E a proposito di doni. L’allenatore del Lugano vorrebbe presto impacchettarne uno bello grosso ai tifosi. «Il titolo». Lo ha dichiarato apertamente al CdT, precisando - è doveroso ricordarlo - come indispensabili sarebbero delle stagioni toppate dai vari YB e Basilea. Per un dirigente come Martin Blaser, fautore dei processi di crescita graduali, una fuga in avanti o una riflessione condivisibile? «È un ragionamento corretto.
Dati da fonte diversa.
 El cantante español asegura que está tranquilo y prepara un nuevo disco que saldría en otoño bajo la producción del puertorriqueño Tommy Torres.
Da intendere con l’essere pronti, in qualità di società, staff e squadra, a sfruttare un’eventuale opportunità. Non si tratta, al contrario, di iniziare il campionato aspettandosi il titolo. La differenza fra le due concezioni è enorme. Trovo comunque stimolante e parte dello sviluppo ritoccare verso l’alto le aspettative e osservare come il gruppo reagisce a una pressione di questo tipo». Il Crus aveva avanzato il caso dello Zurigo, clamoroso campione svizzero al tramonto del torneo 2021-22. Il club di Ancillo Canepa, tuttavia, è passato dal paradiso alle pene dell’inferno. Almeno sino alla fine dell’inverno. «Onestamente, non vorrei vivere il percorso altalenante dello Zurigo» indica Blaser: «Prediligo la strada della regolarità e della stabilità. Senza l’ossessione dell’exploit isolato, ma con la consapevolezza di aver creato le condizioni per avere successo».
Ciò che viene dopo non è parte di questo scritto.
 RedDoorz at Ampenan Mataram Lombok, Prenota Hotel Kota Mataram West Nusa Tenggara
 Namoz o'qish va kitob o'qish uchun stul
In caso di addii pesanti, non posso immaginarmi solo neoacquisti di 19-20 anni
Martin Blaser, CEO FC Lugano

Le incognite del mercato

Essere pronti a vincere il titolo qualora, in futuro, la costellazione dovesse rivelarsi favorevole. Ci crede Mattia Croci-Torti e non lo esclude nemmeno Martin Blaser. Ma come è possibile coniugare una simile visione con una rosa che, di mercato in mercato, rischia di perdere per strada i suoi elementi più determinanti. È avvenuto la scorsa estate e verosimilmente - vedi Aliseda cercato da almeno due club di Serie A - si ripeterà a breve. Il CEO bianconero non si scompone: «Premessa: in una lega come quella svizzera, fa parte del gioco. Una società si rifinanzia anche grazie ai trasferimenti. E, sì, le prossime settimane rischiano di presentare un canovaccio paragonabile a quello dell’ultimo mercato estivo. La sfida e il compito principale del dipartimento sportivo, dal team scouting allo staff tecnico, sono però chiari: saper ricreare uno spirito e delle dinamiche vincenti in spogliatoio». L’Europa e l’universo Chicago Fire potrebbero favorire il lavoro del ds Carlos Da Silva. In entrata come in uscita. In caso di addii dolorosi, ad ogni modo, è lecito attendersi una reazione decisa. Un po’ come avvenuto con l’ingaggio di Ousmane Doumbia. «Un mix fra elementi di esperienza e giovani talenti rimane ottimale» risponde Blaser. «La pianificazione prevede di fare un altro, piccolo passo avanti. Non posso dunque immaginarmi che tutti i nuovi acquisti del Lugano avranno 19-20 anni. Significherebbe rimettere in questione l’idea di sviluppo sportivo che il club ha voluto darsi».